El motomandados de la bicicleta con cubo de Rappi paró de trabajar en el segundo tiempo de Argentina – Australia. Sabe que si no rueda no cobra. Que si no cobra no come. Está en la frontera entre un trabajador de la economía popular y un precarizado en negro. No se da el lujo de pararse a las doce o a las cuatro de la tarde para ver un partido que arrastra como el combustible de su adrenalina. No tiene obra social ni vacaciones ni aguinaldo.
En esta tierra los empleos jerarquizados (privados en su mayoría), aquellos que incluyen en su estructura sindicato y paritarias, son cada vez menos. Los trabajadores de la economía popular superan a los privados en diez provincias. Son vendedores ambulantes, cocineros de merenderos, cartoneros. Y si se suma a los precarizados que trabajan para aplicaciones o empresas que no los registran, llegan a la mitad de la población económicamente activa.
Algunos miran los partidos en páginas web marginales como ellos, que sobreviven en las orillas del sistema. Se paran en una esquina para consumir devotamente la repetición de un gol. O no se enteran porque no tienen datos móviles en el celular. O no hay señal en el merendero.
Diecisiete millones de personas son pobres, con un porcentaje importante que cae en la pobreza desde que la inflación disparó precios y desazón en esa cotidianidad. Indigentes –los que no tienen qué comer ni dónde vivir- son el 8,1 %. Ocho millones y medio de personas.
Que no se olvidan de nada en estos días. Que llevan encima su condición de desechados pero con bandera argentina. Sucia y deshilachada. Pero apenas en un mes de cada cuatro años. El mismo mes en que el himno emociona. Nunca en otra ocasión. Símbolos que fueron apropiados por dictaduras y gobiernos constitucionales que dispararon a conciencia sobre las esperanzas de millones.

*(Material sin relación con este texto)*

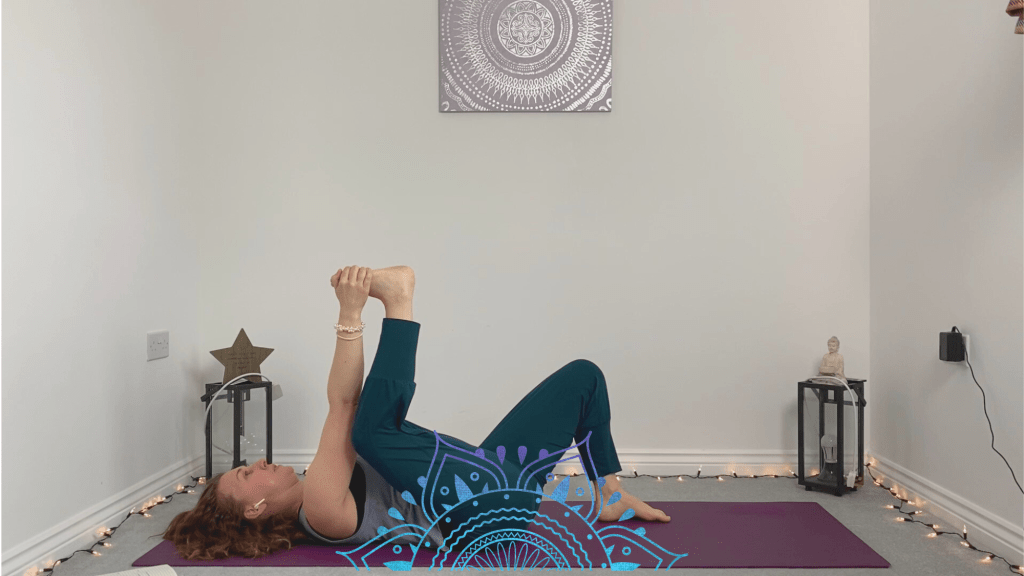 half happy baby yin yoga pose for better sleep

Sabe, el 43,1 % de pobreza, que Messi es un tipo humilde. Que recauda desaforadamente, que tiene mansiones y hoteles por todo el mundo, a quien le pagan a ritmo de desmesura por ser la imagen de Arabia Saudita o por hacer como que come papas Lays o la Messi Burger de Hard Rock Café.
Pero es un tipo humilde. Que siembra alegría a 13.300 kilómetros de distancia. Que hace estallar a cuarenta millones cuando apila a diez con destino de arco.
En esos noventa minutos insalubres se sufre, se acelera el corazón, se muerden las uñas, se olvida. Por hora y media se olvida. Pero la alegría profunda, desatada, se diluye. Se serena. Y aparece en el horizonte mínimo de los pobres el plan que van a eliminar. El trabajo que no nace. El estigma y el desprecio. El hambre.
Dice la UCA que “la actual asistencia social que es dispensada por los tres niveles del Estado impide que la pobreza llegue al 50% y que la tasa de indigencia alcance el 20%”. Pero los planes no están llegando a las cuentas. Y todos muestran la intención –como colmillos- de bajarlos. Será un explosivo de pobres en desesperación. No será suficiente que lo anuncien como exigencia del FMI el próximo viernes a las cuatro de la tarde.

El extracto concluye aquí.